Thanks for the wonderful lesson.
“… people are just butthurt …”. 😂
Awesome! This video very much feels like the an early Veritasium or Steve Mould... perhaps Smarter Every Day-esc kind of content. In the future, you might want to put a small watermark in the corner of the video where the experiment is taking place (the automatic TH-cam watermark is a bit small and does not contain the channel name) - that way most people that share the most interesting part (the actual experiment demonstration) will be helping to signal boost the channel :)
Interesting idea about the watermark.
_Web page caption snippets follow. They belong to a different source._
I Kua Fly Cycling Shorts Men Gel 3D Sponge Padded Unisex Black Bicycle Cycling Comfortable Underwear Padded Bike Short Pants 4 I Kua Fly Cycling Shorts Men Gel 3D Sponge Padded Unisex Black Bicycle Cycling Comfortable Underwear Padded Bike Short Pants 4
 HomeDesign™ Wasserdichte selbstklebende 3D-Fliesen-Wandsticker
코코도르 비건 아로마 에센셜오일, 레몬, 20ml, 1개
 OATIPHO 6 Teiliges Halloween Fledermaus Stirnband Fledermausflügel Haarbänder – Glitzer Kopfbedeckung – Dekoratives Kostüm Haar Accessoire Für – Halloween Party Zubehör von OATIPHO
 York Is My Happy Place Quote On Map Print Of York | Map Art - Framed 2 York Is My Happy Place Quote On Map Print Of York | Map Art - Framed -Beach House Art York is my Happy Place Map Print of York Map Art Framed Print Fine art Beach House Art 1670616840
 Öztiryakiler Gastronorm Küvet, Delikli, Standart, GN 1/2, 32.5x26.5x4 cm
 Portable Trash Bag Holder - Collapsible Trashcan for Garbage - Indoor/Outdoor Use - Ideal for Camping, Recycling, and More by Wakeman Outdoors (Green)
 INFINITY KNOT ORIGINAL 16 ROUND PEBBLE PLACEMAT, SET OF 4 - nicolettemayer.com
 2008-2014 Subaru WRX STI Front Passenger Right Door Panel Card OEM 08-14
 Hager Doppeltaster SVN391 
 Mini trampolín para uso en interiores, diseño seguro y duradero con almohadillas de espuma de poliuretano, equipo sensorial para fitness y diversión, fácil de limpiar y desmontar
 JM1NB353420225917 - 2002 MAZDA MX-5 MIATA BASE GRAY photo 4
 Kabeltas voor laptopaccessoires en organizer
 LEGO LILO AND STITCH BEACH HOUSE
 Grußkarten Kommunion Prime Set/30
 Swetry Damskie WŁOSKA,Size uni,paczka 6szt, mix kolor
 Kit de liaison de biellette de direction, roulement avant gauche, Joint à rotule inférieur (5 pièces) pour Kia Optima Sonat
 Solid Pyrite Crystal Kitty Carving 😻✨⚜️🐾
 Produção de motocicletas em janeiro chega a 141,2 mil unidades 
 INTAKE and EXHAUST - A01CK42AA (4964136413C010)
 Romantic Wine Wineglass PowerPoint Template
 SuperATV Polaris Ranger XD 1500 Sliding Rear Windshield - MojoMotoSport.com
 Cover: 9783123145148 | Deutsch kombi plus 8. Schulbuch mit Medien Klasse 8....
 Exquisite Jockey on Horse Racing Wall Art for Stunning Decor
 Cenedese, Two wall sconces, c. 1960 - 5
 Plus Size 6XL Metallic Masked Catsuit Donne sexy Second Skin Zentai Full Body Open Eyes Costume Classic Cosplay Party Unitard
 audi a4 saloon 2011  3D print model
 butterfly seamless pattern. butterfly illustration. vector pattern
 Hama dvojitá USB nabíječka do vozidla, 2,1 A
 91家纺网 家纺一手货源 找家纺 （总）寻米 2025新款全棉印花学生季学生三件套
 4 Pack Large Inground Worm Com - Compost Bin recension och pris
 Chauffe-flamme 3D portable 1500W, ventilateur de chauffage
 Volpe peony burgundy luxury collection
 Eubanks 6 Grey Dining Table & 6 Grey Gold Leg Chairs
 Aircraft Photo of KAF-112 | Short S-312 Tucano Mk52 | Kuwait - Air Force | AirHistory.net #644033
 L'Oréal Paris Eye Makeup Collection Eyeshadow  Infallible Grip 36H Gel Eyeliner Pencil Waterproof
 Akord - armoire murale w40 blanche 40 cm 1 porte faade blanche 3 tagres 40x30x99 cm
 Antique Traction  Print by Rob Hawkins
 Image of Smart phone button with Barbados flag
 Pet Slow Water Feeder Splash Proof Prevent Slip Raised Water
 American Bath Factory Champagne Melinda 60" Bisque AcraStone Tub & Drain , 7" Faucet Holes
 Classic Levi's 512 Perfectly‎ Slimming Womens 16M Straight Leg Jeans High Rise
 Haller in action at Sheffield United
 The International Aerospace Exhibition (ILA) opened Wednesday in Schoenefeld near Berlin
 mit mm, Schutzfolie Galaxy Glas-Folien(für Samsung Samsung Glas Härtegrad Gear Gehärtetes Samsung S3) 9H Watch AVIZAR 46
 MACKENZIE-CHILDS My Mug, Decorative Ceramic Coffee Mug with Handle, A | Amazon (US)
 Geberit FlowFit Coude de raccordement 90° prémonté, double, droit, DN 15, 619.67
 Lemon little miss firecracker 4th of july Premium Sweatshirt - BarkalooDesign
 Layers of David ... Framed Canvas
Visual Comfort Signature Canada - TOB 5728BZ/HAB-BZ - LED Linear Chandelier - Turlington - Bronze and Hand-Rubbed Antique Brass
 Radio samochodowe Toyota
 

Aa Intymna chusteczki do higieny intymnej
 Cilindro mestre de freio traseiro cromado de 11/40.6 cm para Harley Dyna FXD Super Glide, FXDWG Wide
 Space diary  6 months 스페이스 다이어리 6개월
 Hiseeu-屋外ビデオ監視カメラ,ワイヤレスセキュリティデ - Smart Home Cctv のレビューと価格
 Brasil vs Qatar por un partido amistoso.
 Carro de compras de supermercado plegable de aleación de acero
I suppose I should be doing that, but I'm still pretty new to all this and I've still got a lot to learn.
@BridbrainEngineer -- it pairs really well with the one Steve and Destin did together called "Which Way Will the Water Go?", about a spinning sprinkler, since it deals with the (non)intuitive nature of switching between rotating and non-rotating reference frames.
Two questions come to mind. # 1 is the original question , “ when the string is released …” my question is “when the ball is released …” the first question refers to the system of ball and string while the resultant prediction only asks about the ball . The trick to the un expected result is one of language. A better question would have been: what is the difference in trajectory when the ball is released from the string vs. release of the string from the center. Then a question about the energy released from the elastic deformation of the string vs. the difference in center of gravity of each system. A depiction of the trajectory of the center of gravity of the string ball system would be interesting to see as well. This is a fun video to watch that invites additional exploration. Thanks for the effort, these videos are not easy to produce.
Edit: I should have read the previous comments before commenting sorry for any redundancy.😁
This is why I love practicing with a sling or bolas weapon. Takes a lot of skill to time your release with the swing if you want the stone to hit accurately. Also very similar to knife throwing, except knife throwing has the additional element of the knife itself wanting to spin, so to ensure the blade will hit the target, you have to actually stroke the handle of the knife as it releases to offset the knife's rotation as it travels along its arc to the target.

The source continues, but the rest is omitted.